Calling WebAssembly from Python 25x Faster

Moving hot loops from Python to WASM won’t be feasible without this trick

8 min readMar 5, 2023

Sometimes in your large python project you would come across a hot loop (busy loop, active loop, iteration over large data) in some algorithm of some kind, which is something you typically want to avoid doing in python. Typically in python you focus in your high-level business logic not low level hot iterations. Python comes batteries-included in many cases you don’t need to write low-level hot loops and if it’s not built-in, you can find an optimized python package that do it (Pillow, NumPy, Tensorflow ..etc).

But what if you can’t find a package for your special need or you are evaluating a new algorithm. In that case you will run into a hit because of the nature of interpreted languages that does not JIT.

Examples might include:

implementing a custom image filter
implement a custom hashing function like djb_hash of CDB
implementing a custom compression algorithm like zstd
fallback of the above if the native-C library (compiled or ctype or CFFI) is not available.

a typical way of doing this is to do it in C, but this mean that the python package would need to be recompiled for each platform..etc.

WebAssembly to the rescue

You can write the hot loop in Rust, C or WAT then recompile it to WASM as a compile target, then distribute the WASM file along with your pure python module.

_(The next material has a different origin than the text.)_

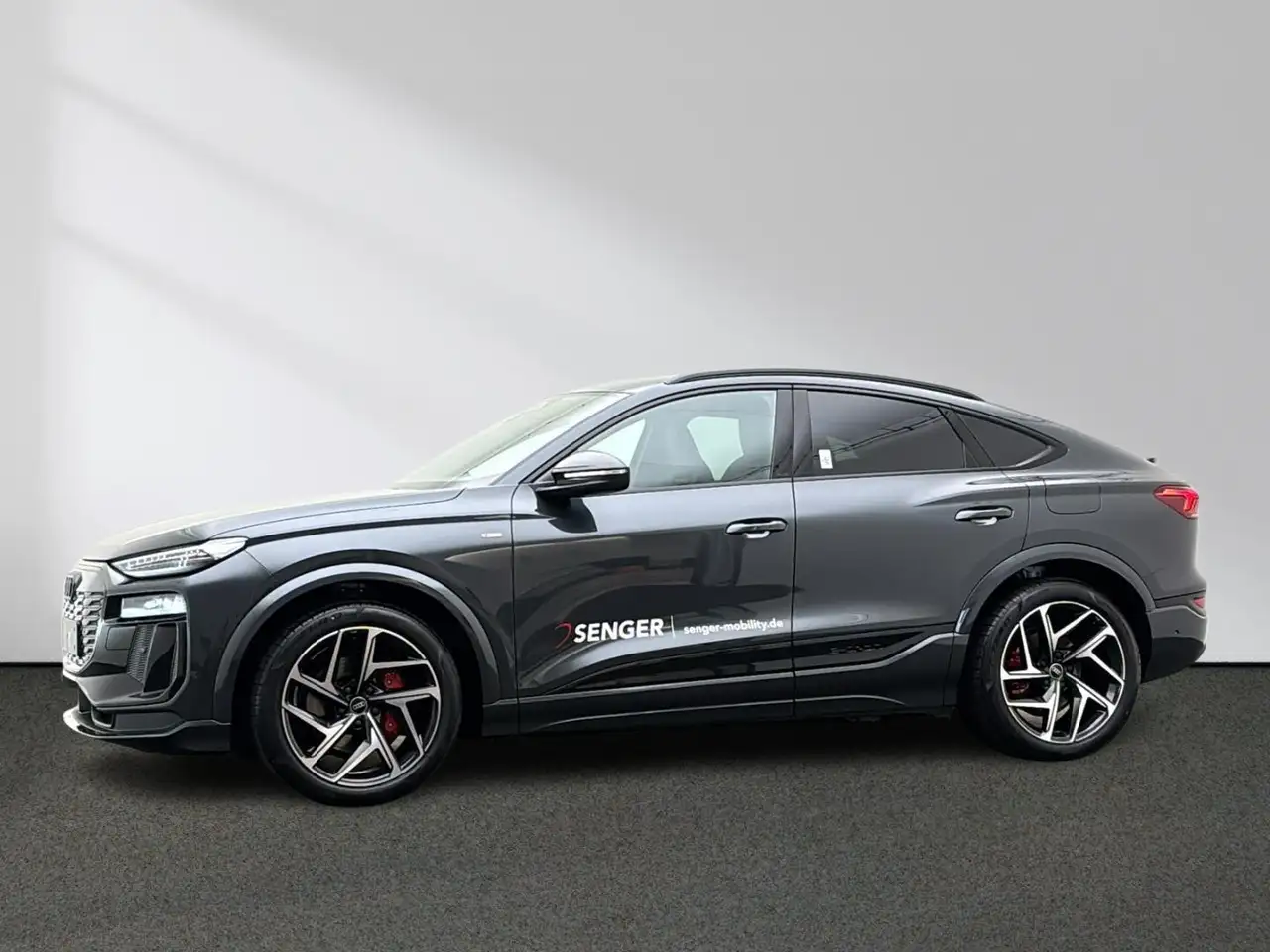 Audi Q6 14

In this article we are going to evaluate this new technology using a toy problem that is representative.

Our Toy Problem: Histogram Matching

We want to take an input image and a reference image. We want to transform the input image to have a color signature similar to the reference image by matching the histogram. On-line in-browser Histogram Matching can be done from the browser here.

Our Toy problem is to take a histogram from reference image (in the middle) and apply its colors to the input Image

This toy problem involves the following:

iterating over large multi-dimensional data (~10 MB)
multi-dimensional array flattening
flipping axis (from/to color channel first/last), matrix transpose
counting, accumulating (CDF), float-point math
per item lookup mapping

The Algorithm

take input image (to be transformed) in the form of WxHxC and reference image (to be matched/imitated)
for each image, construct CDF for each color channel, that is one CDF for red channel, another CDF for green channel, and last one blue. First we calculate frequency of each value, then we sum the value of with previous values to make it cumulative.
CDF of each channel in each image maps an uint8 value (0–255) to a float 0.0–1.0
we need to construct a mapping from 0–255 in input image to 0–255 in output image such that:

map[Vin]=least Vout having CDF[Vin] ≤ CDF[Vout]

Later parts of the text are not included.